◆ TASK DIRECTIONS ◆
If a line below falls between the line with "Used 2026 Ford Explorer Active RWD image 9" and the line with "Contemporain Collier en", or is one of those two, output it exactly; output nothing else and no pictures.

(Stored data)
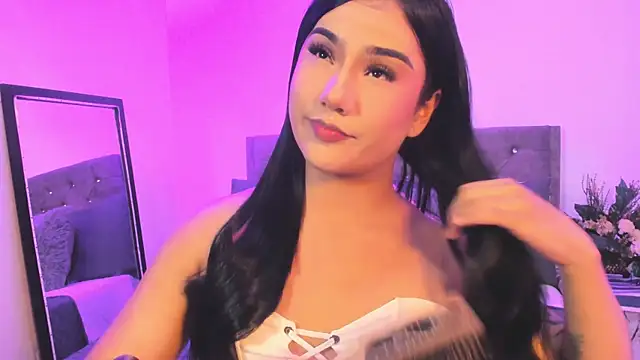 Snapshot of AssQueen18 chatting on 10/27/25, 01:53 AssQueen18 online show from 10/27/25, 01:53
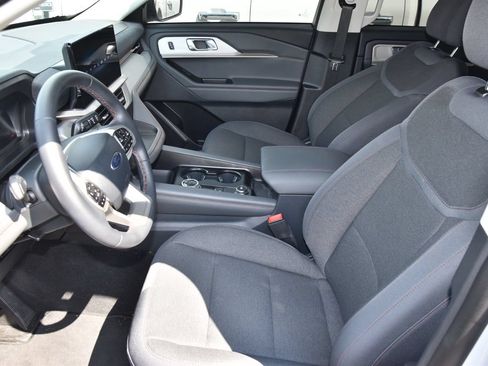 Used 2026 Ford Explorer Active RWD image 9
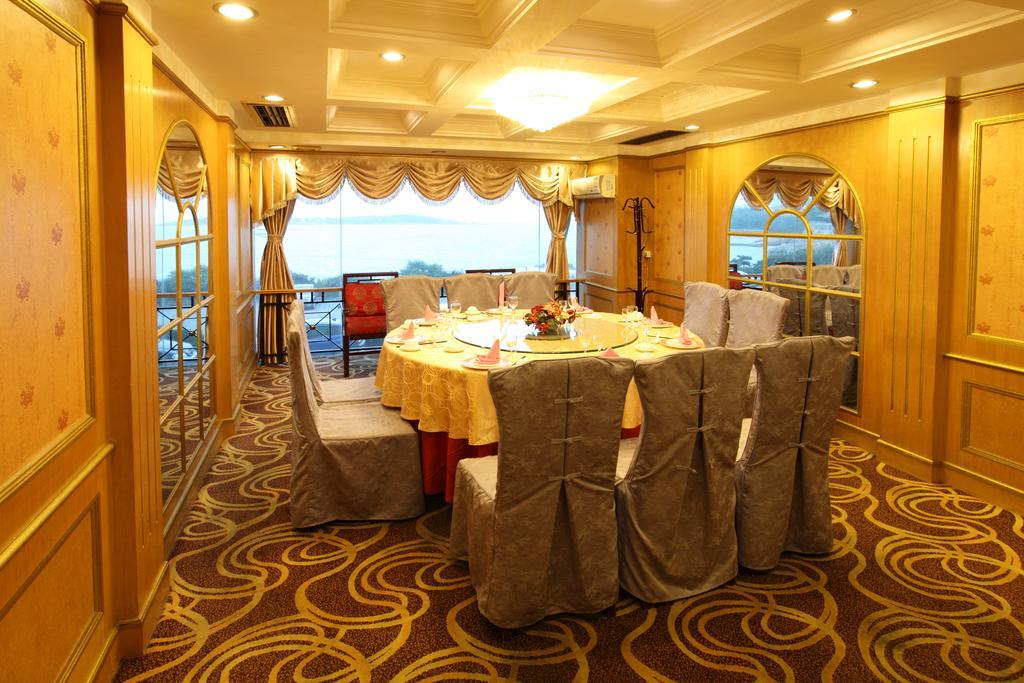 Donghai Grand Hotel Qingdao Esterno foto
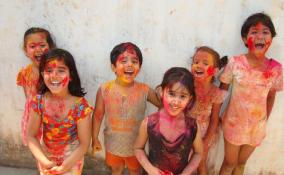 Традиционный праздник красок Холи прошел в Индии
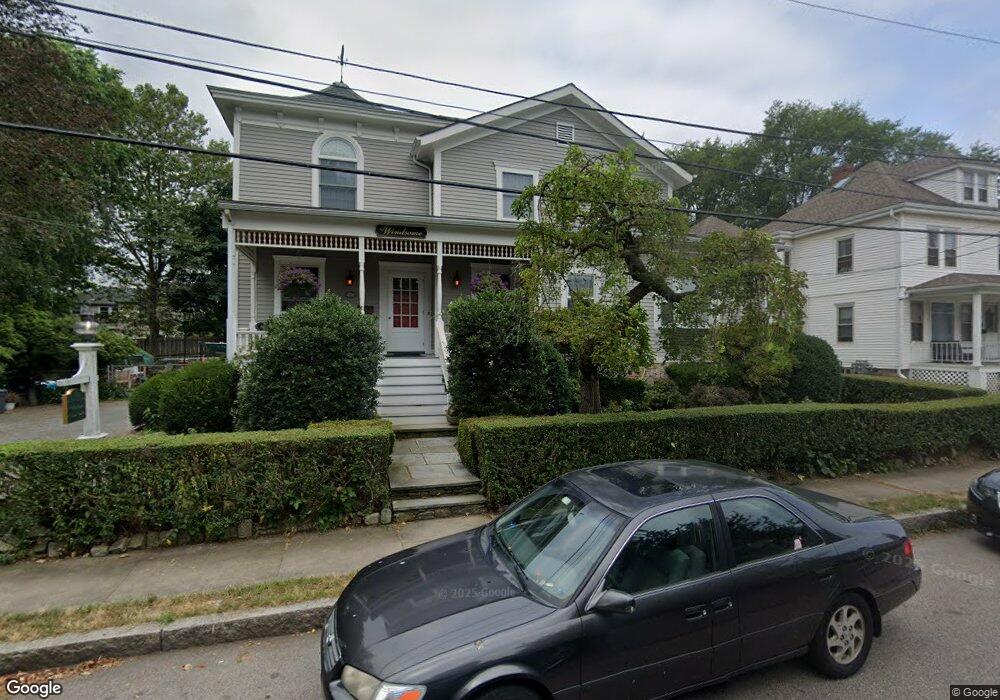 81 Gibbs Ave, Newport, RI 02840 - photo 1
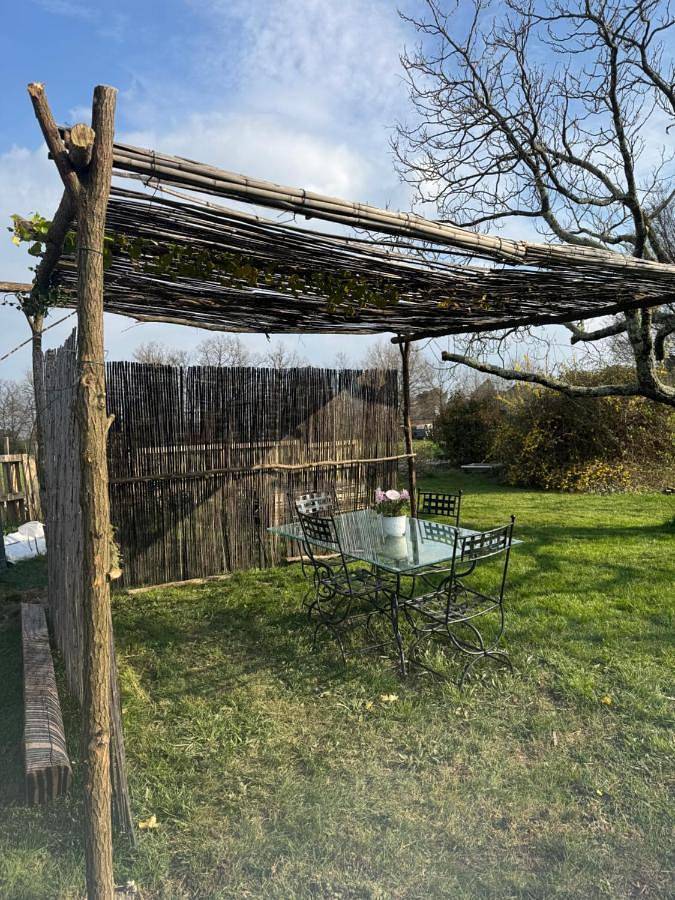 Gîte pour 2 personnes, avec vue et jardin à Mercuer - 3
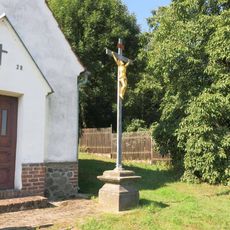 Kříž před kaplí v Kaňkově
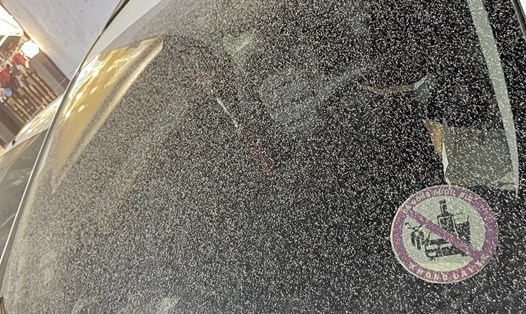 Bụi trắng phủ kín kính ô tô của người dân TP. Tuyên Quang tối 12.9.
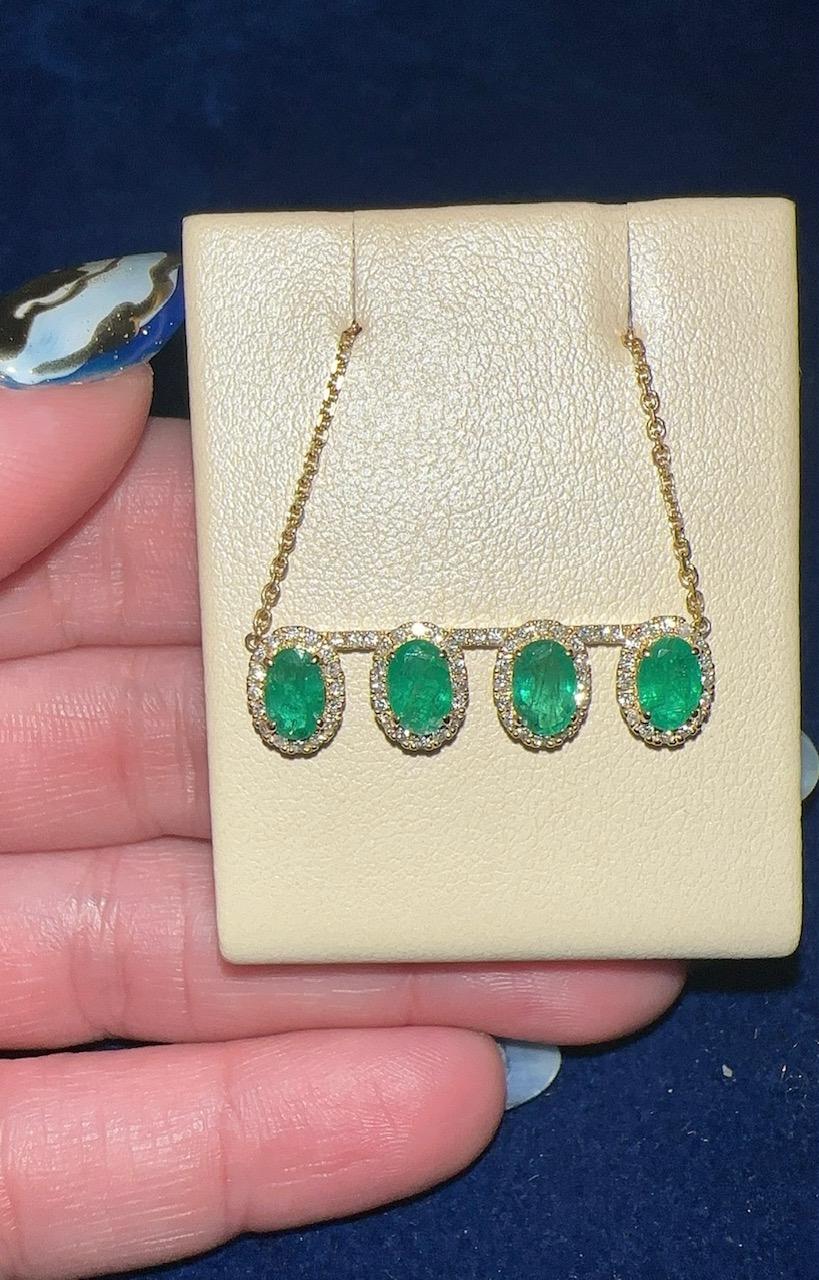 Contemporain Collier en or jaune 18 carats avec émeraudes ovales et diamants en vente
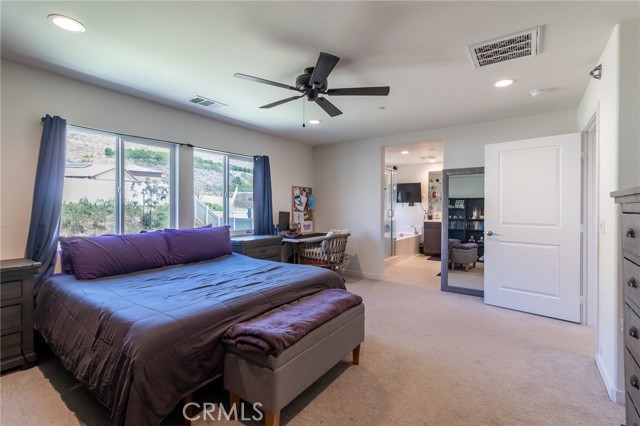 31058 Avenida Ramblas, Highland CA: https://media.crmls.org/medias/25799dcb-3ad0-4002-8413-e15984a73865.jpg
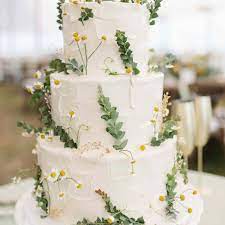 55 Beautiful Wedding Cakes For Every Venue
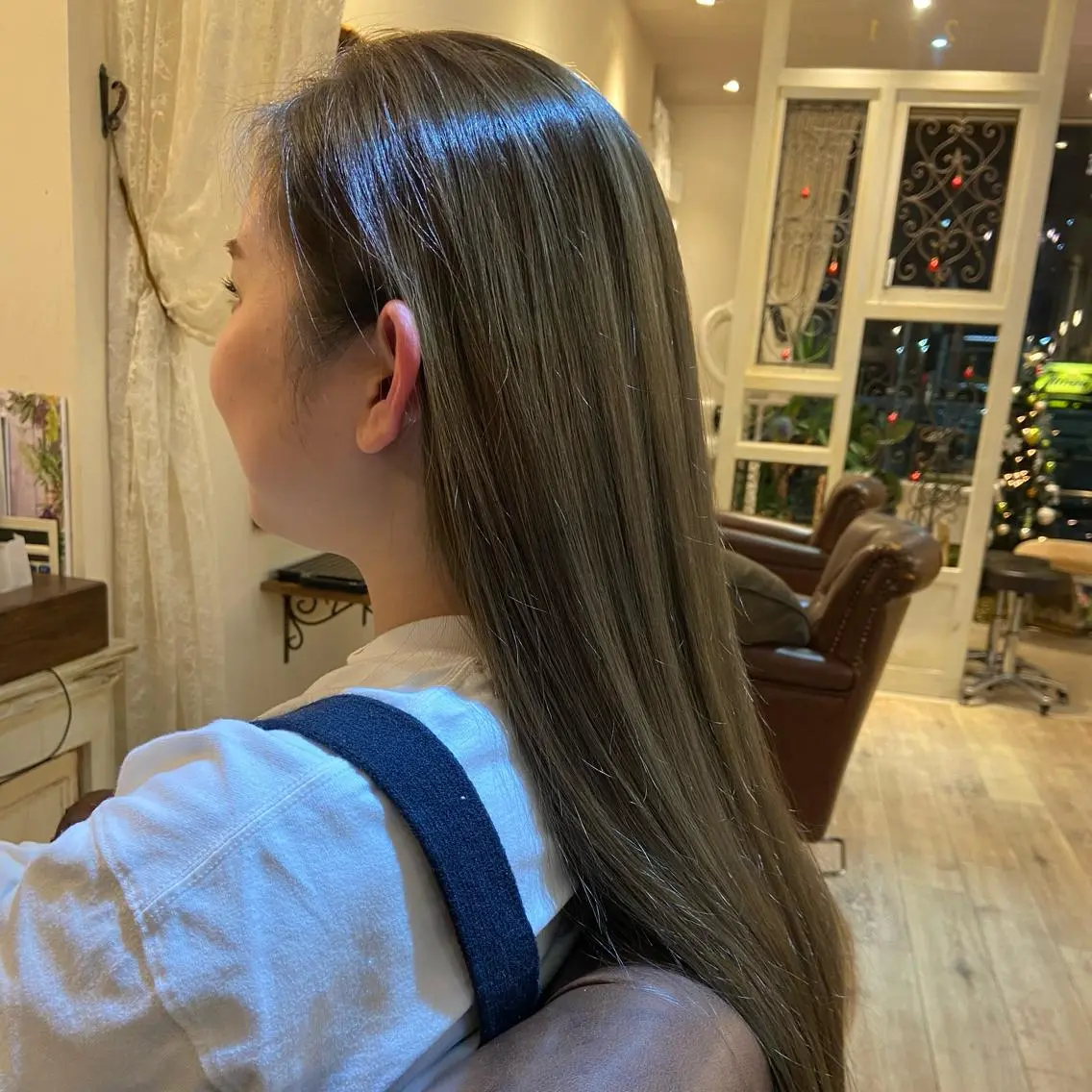 ロング カラー ヘアアレンジ ブリーチ ダブルカラー オリーブカラー カット ヘアカラー トリートメント Plaatje💐 ゆずはのヘアスタイル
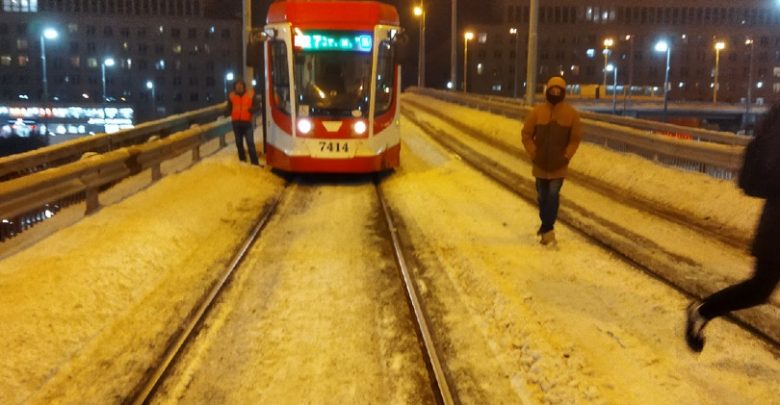 Обрыв сети, трамваи встали на Володарском мосту в 21:00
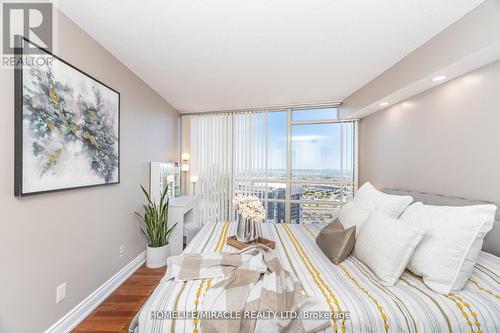 #1701 - 50 Eglinton Ave W, Mississauga, ON - Indoor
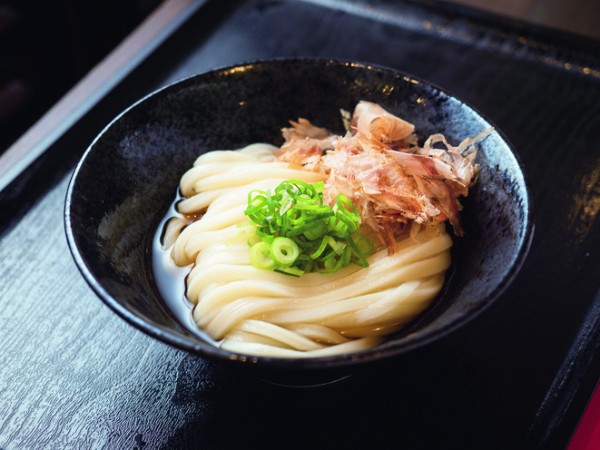 『こだわり麺や 高松店』のぶっかけうどん　中　380円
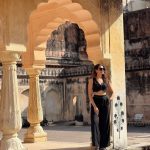 Pragya Jaiswal: పింక్ సిటీ ముందు ప్రగ్యా హోయలు.. ఊపిరాడనివ్వలేదు అంటూ!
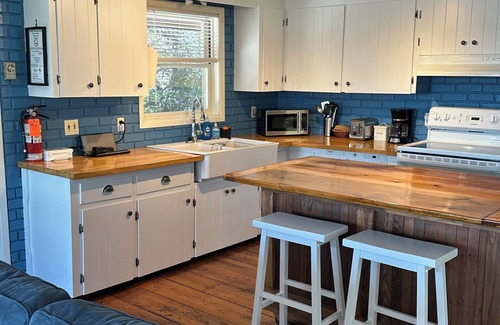 French River Cabaña | Highview Three Season Cottage: desde $ 145 CAD / nt: 3 habitaciones, 1 baño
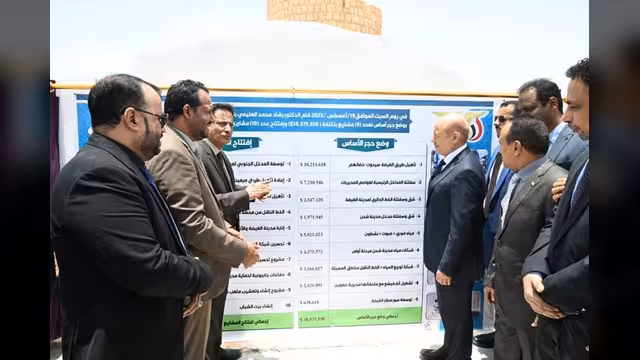 العليمي يفتتح ويضع حجر أساس حزمة مشاريع في المهرة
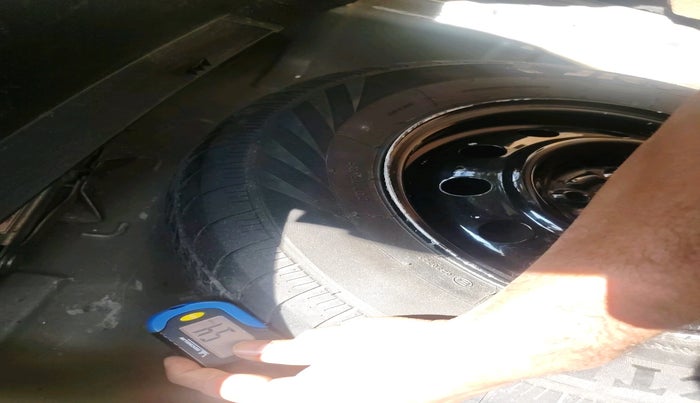 2011 Maruti Swift Dzire ZDI, Diesel, Manual, 1,63,432 km, tyre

◆ OUTPUT FOR THIS TASK ◆
 Used 2026 Ford Explorer Active RWD image 9
 Donghai Grand Hotel Qingdao Esterno foto
 Традиционный праздник красок Холи прошел в Индии
 81 Gibbs Ave, Newport, RI 02840 - photo 1
 Gîte pour 2 personnes, avec vue et jardin à Mercuer - 3
 Kříž před kaplí v Kaňkově
 Bụi trắng phủ kín kính ô tô của người dân TP. Tuyên Quang tối 12.9.
 Contemporain Collier en or jaune 18 carats avec émeraudes ovales et diamants en vente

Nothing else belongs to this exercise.